Prompt -
Give the data again exactly, without its images.

Data below -
******

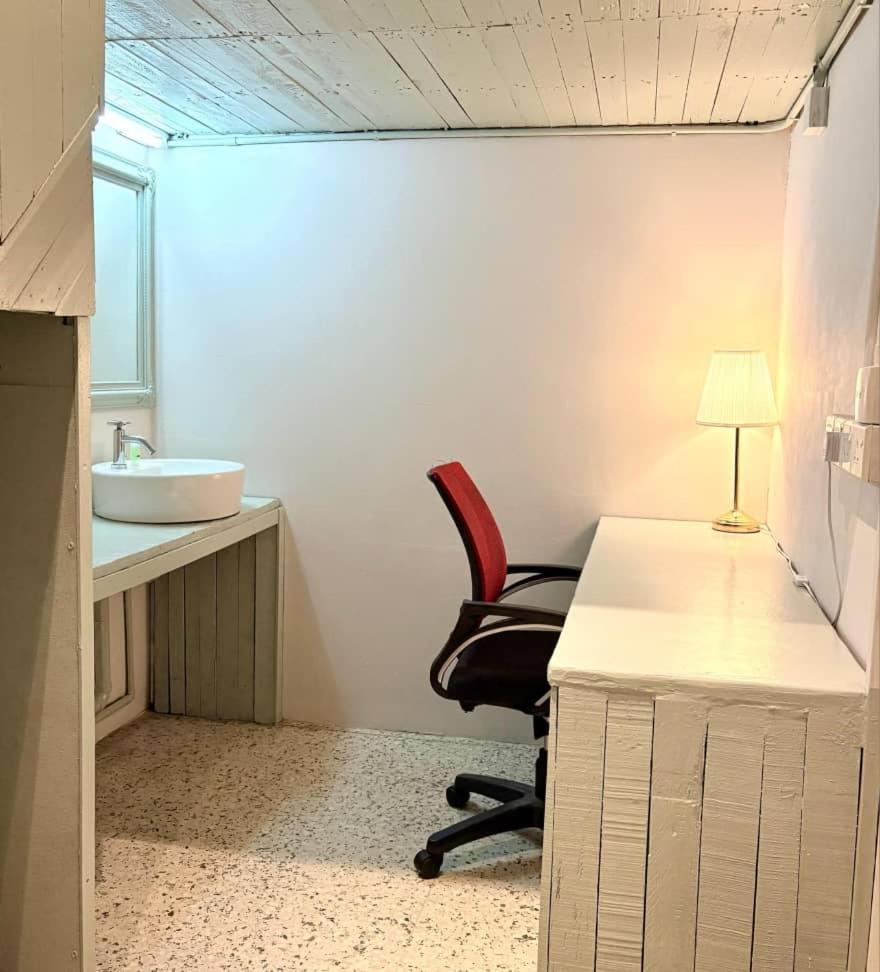 מלון ג'ורג' טאון Kim Haus Loft מראה חיצוני תמונה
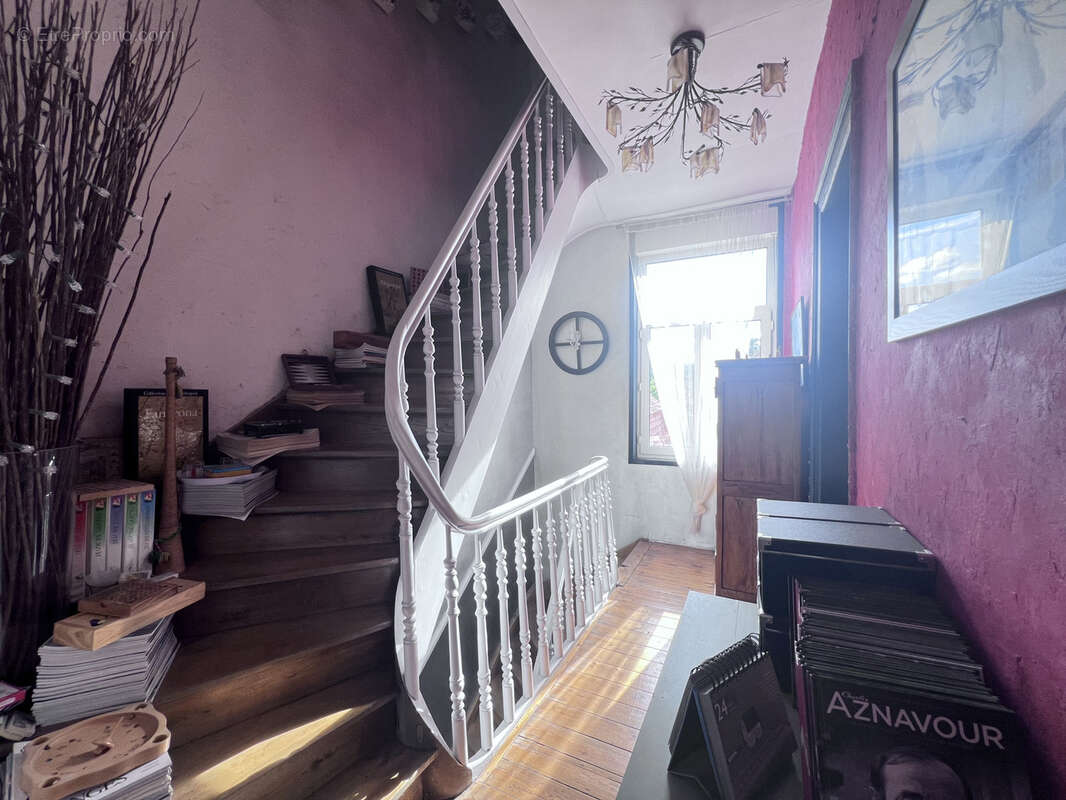 Maison à HAVERSKERQUE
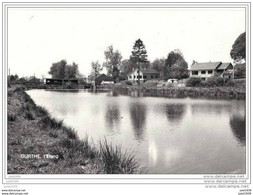 OURTHE ..-- GOUVY ..--    L ' Etang . - Gouvy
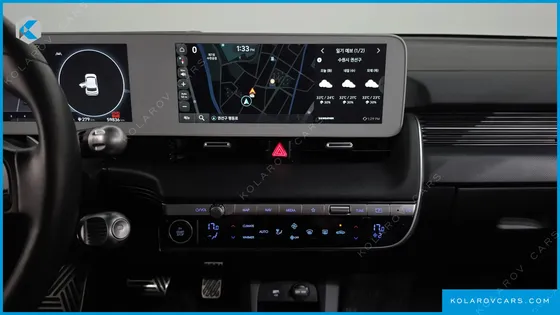 HYUNDAI IONIQ 5 LONG RANGE AWD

******

Answer area -
 מלון ג'ורג' טאון Kim Haus Loft מראה חיצוני תמונה
 Maison à HAVERSKERQUE
 OURTHE ..-- GOUVY ..--    L ' Etang . - Gouvy
 HYUNDAI IONIQ 5 LONG RANGE AWD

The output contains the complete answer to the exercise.